FRANKFURTER RUNDSCHAU

Wo Klimawandel das Leben verändert

Amadou Dan Kouré

Krankenhäuser in kleinen staubigen Städten, kleine Kinder, die neben ihren Müttern in den Betten liegen und deren schwere Mangelernährung für jedermann sichtbar ist. Die Haut spannt sich dünn über ihre mageren Knochen, Plastikschläuche verdecken ihre kleinen Gesichter. Ein paar werden überleben, andere nicht. Niger ist eines der ärmsten Länder der Welt mit einer der höchsten Kindersterblichkeitsraten. Jedes zehnte Kind erlebt seinen fünften Geburtstag nicht. Das hat verschiedene Gründe. Armut, hohes Bevölkerungswachstum und fehlendes Wissen über Ernährung sind wichtige Ursachen.

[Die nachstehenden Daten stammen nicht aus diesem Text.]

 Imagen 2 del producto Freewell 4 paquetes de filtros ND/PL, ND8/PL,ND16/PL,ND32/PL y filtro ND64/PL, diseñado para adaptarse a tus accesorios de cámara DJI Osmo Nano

In meinen dreizehn Jahren bei Care habe ich aber auch miterlebt, wie extreme Wetterverhältnisse und Dürreperioden Gemeinden immer wieder zurückwerfen. Armut und Hunger hängen in diesem Teil der Welt fast immer auch mit dem Klimawandel zusammen. Niger ist davon besonders stark betroffen. Ganze Dörfer müssen mit immer weniger Wasser auskommen, da die Regenperioden kürzer werden und sich kaum noch vorhersagen lassen. Eine Katastrophe für das Wüstenland, in dem sowieso nur zwölf Prozent der Böden fruchtbares Ackerland sind. Trotzdem arbeiten 80 Prozent der Bevölkerung in der Landwirtschaft und sind von ihr für Nahrungsmittel und Einkommen abhängig. Die Dürren lassen ihre Ernten vertrocknen. Ergebnis: Niger hat eine der höchsten Armuts- und Unterernährungsraten der Welt.

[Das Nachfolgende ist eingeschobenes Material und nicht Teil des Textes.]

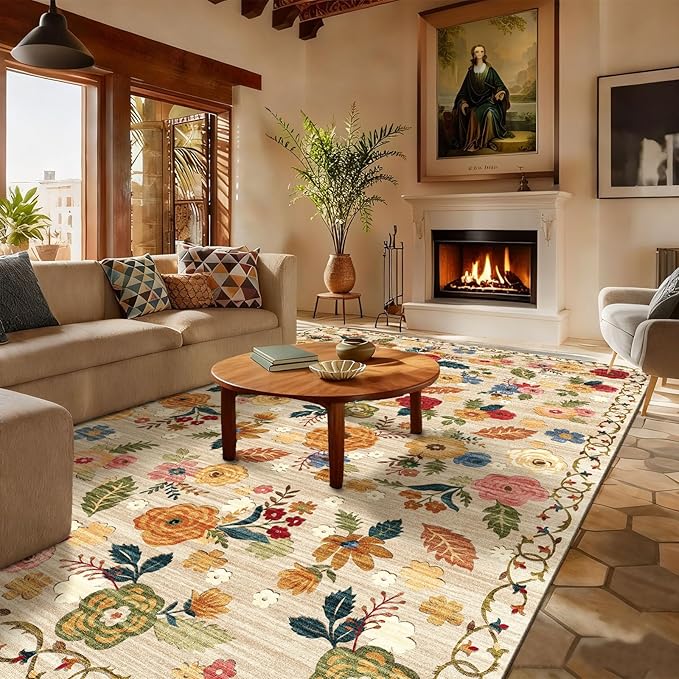 9x12 Area Rug for Living Room: Washable Rug Non Slip Low Pile Soft Faux Wool Non Shedding Distressed Vintage Floral Large Area Rugs for Bedroom Dining Room Kitchen Nursery Under Table Farmhouse Office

Für die Menschen in Niger ist der Klimawandel nicht abstrakt. Ganz im Gegenteil. Er ist tägliche Realität mit ganz konkreten Folgen für das Leben der Menschen. Wenn der Regen ausbleibt und sich die Jahreszeiten verändern, leiden darunter Ernte und Viehzucht. Aber das ist nur ein Teil der Geschichte. Denn die Gemeinden sehen nicht tatenlos diesen Veränderungen zu, sie wehren sich. Sie suchen nach Möglichkeiten, sich an den Klimawandel anzupassen und für zukünftige Katastrophen zu wappnen. Sie wägen die Risiken ab, schützen sich selbst und ihre Nachbarn und werden widerstandsfähiger.

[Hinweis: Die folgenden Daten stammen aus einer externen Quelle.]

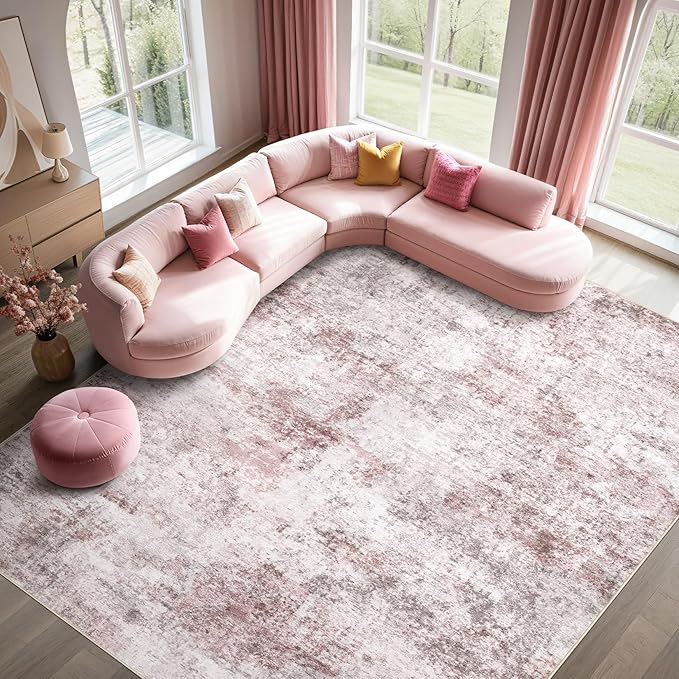 5x7 Area Living Room Rugs - Washable Neutral Modern Abstract Soft Thin Large Rug Indoor Floor No Slip Rug Carpet for Bedroom Under Dining Table Home Office Decor - Pink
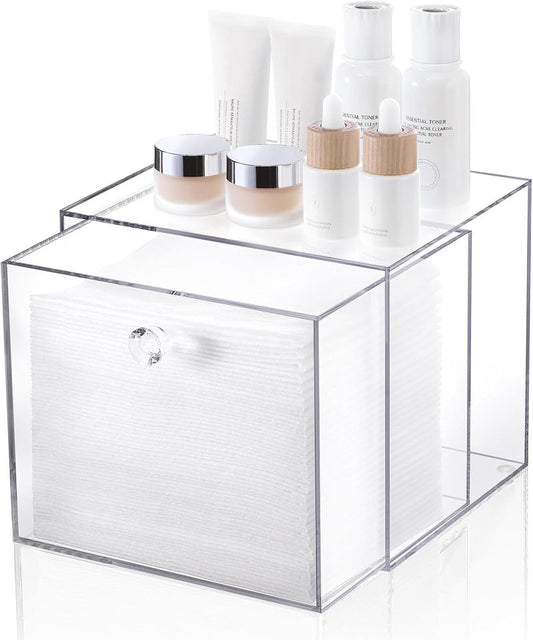 Disposable Face Towel Container Box - Acrylic Makeup Organizer with Drawer | Stackable Vanity & Bathroom Storage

In den letzten Jahren hat Care den Gemeinden dabei geholfen, die größten klimabedingten Risiken für ihre Dörfer zu benennen. Wir untersuchen verschiedene Gefahren und entwerfen dazu Lösungsszenarien. Was können die Menschen tun, wenn es weniger regnet? Wie können sie ihre Tiere vor dem Hungertod retten, wenn kein Gras mehr wächst? Welche alternativen Einkommensquellen gibt es, wenn keine Ernte auf dem Markt verkauft werden kann? Solche und andere Pläne zur Anpassung an den Klimawandel waren bisher sehr erfolgreich.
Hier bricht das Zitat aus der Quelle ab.